_Exercise_: Each line of the listing that includes the string "Black" needs to be located and copied.

_Record excerpts_:
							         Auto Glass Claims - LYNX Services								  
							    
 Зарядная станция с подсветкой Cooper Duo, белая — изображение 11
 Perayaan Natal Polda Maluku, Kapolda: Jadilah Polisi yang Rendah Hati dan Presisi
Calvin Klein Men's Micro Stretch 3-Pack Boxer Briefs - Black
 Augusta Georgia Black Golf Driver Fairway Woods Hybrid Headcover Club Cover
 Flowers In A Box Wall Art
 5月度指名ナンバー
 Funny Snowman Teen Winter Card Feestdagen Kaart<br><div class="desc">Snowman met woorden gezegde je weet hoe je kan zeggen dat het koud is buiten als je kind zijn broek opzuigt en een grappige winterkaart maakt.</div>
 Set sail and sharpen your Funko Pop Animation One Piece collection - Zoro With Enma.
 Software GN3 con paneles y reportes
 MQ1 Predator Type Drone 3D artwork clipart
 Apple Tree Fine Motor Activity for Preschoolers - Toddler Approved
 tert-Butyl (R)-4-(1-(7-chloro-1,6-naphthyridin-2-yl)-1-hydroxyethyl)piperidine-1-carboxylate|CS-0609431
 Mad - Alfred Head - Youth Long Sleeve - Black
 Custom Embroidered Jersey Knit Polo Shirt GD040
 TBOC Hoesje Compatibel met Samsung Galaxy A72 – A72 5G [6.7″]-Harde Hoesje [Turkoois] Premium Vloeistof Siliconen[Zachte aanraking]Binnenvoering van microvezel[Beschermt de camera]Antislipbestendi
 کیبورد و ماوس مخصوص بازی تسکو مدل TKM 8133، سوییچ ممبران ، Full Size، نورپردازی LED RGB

_Exercise output_:
Calvin Klein Men's Micro Stretch 3-Pack Boxer Briefs - Black
 Augusta Georgia Black Golf Driver Fairway Woods Hybrid Headcover Club Cover
 Mad - Alfred Head - Youth Long Sleeve - Black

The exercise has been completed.